MATERIALS PROVIDED »
--- START ---

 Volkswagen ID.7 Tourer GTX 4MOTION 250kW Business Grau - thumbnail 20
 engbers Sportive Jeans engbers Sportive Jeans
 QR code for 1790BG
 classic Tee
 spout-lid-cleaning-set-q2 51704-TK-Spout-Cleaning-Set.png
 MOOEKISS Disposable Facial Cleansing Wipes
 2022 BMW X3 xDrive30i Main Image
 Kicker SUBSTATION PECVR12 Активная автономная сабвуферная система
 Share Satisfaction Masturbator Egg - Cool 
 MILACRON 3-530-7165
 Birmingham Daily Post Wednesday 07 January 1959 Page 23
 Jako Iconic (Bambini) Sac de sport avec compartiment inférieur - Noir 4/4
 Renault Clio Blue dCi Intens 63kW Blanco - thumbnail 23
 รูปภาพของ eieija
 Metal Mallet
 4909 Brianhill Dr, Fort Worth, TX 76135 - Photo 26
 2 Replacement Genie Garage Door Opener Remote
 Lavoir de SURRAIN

--- END ---

HOW TO COMPLETE THIS TASK » Each line from the one with "classic Tee" through the last line of the records must be written out word for word. Include nothing else.

ANSWER TO THE EXERCISE »
 classic Tee
 spout-lid-cleaning-set-q2 51704-TK-Spout-Cleaning-Set.png
 MOOEKISS Disposable Facial Cleansing Wipes
 2022 BMW X3 xDrive30i Main Image
 Kicker SUBSTATION PECVR12 Активная автономная сабвуферная система
 Share Satisfaction Masturbator Egg - Cool 
 MILACRON 3-530-7165
 Birmingham Daily Post Wednesday 07 January 1959 Page 23
 Jako Iconic (Bambini) Sac de sport avec compartiment inférieur - Noir 4/4
 Renault Clio Blue dCi Intens 63kW Blanco - thumbnail 23
 รูปภาพของ eieija
 Metal Mallet
 4909 Brianhill Dr, Fort Worth, TX 76135 - Photo 26
 2 Replacement Genie Garage Door Opener Remote
 Lavoir de SURRAIN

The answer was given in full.